::: Data segment

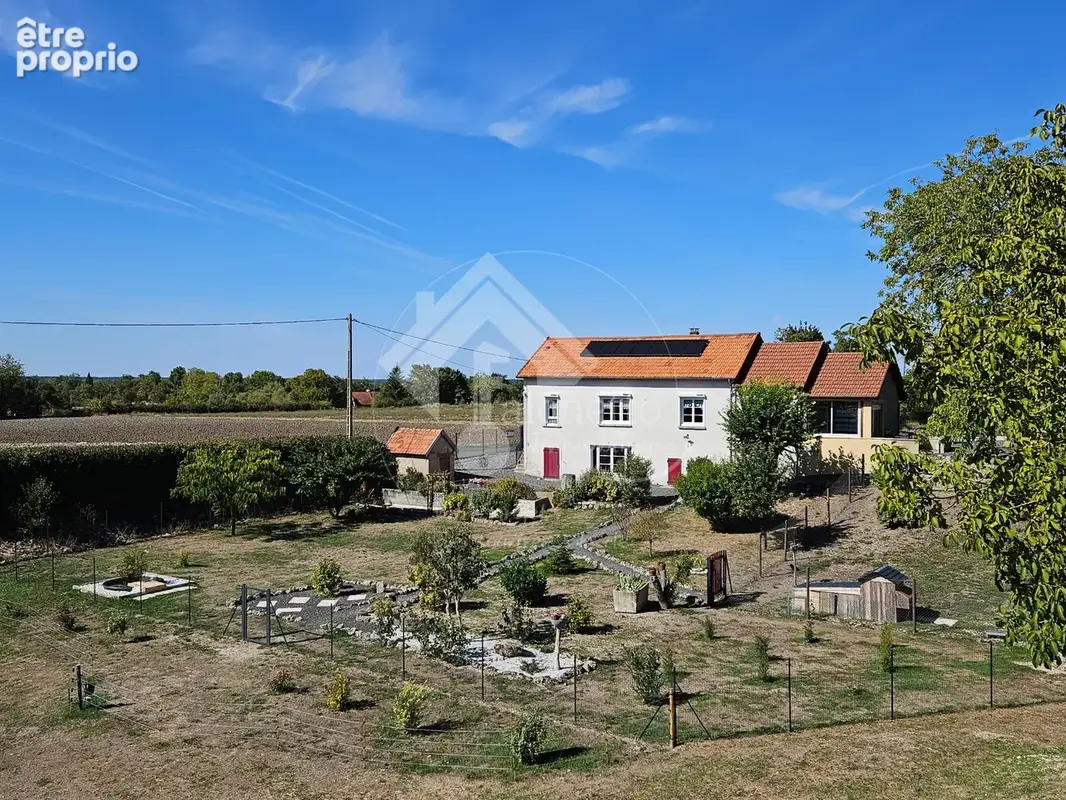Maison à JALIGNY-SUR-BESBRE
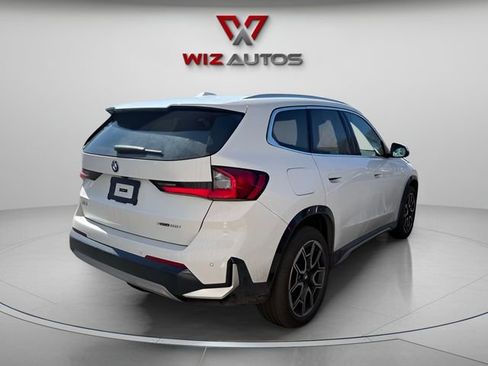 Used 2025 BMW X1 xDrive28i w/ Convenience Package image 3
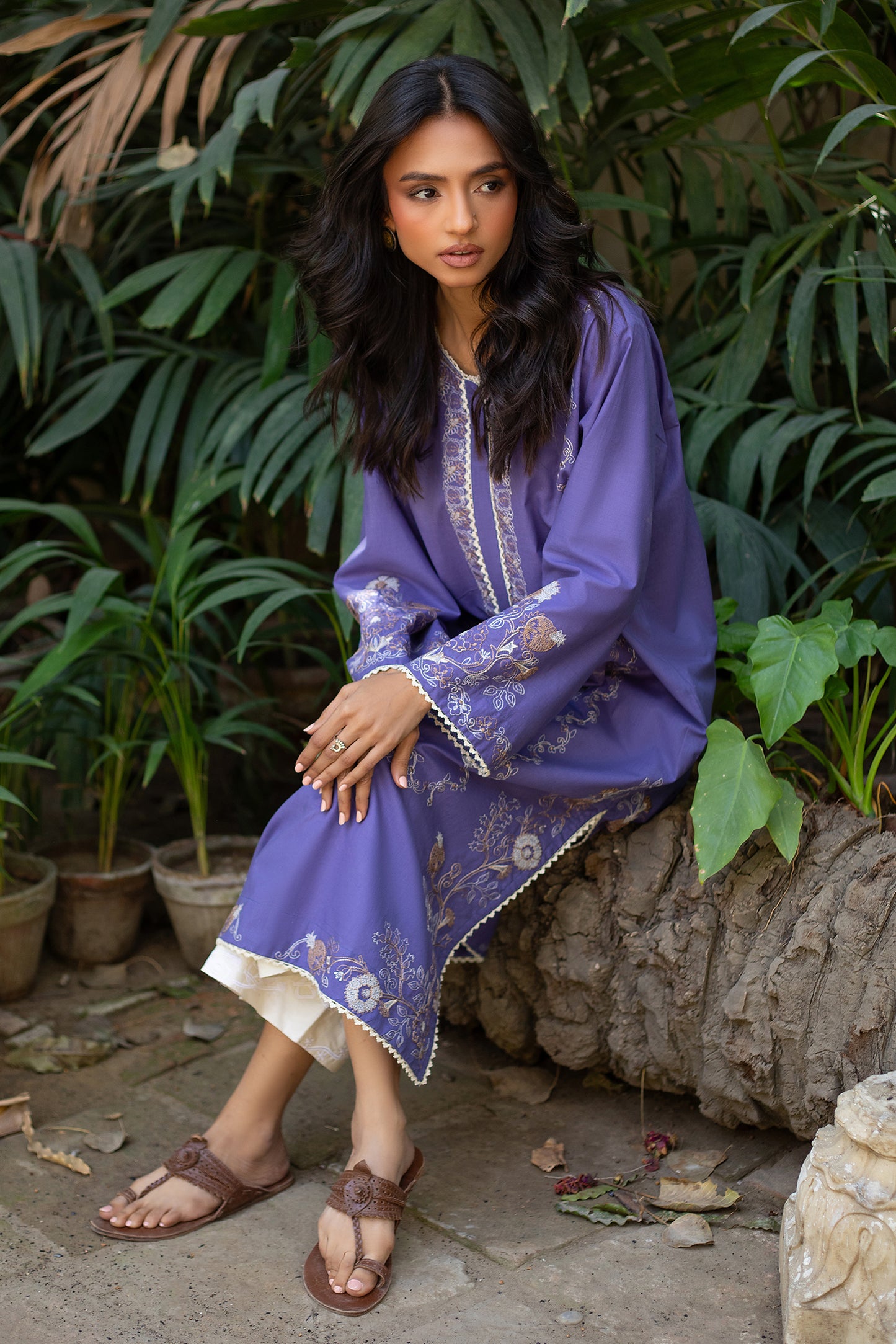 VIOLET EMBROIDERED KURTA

::::::

Problem details >> Copy the listing above word for word. Do not include the pictures.

Solution for this task >>
Maison à JALIGNY-SUR-BESBRE
 Used 2025 BMW X1 xDrive28i w/ Convenience Package image 3
 VIOLET EMBROIDERED KURTA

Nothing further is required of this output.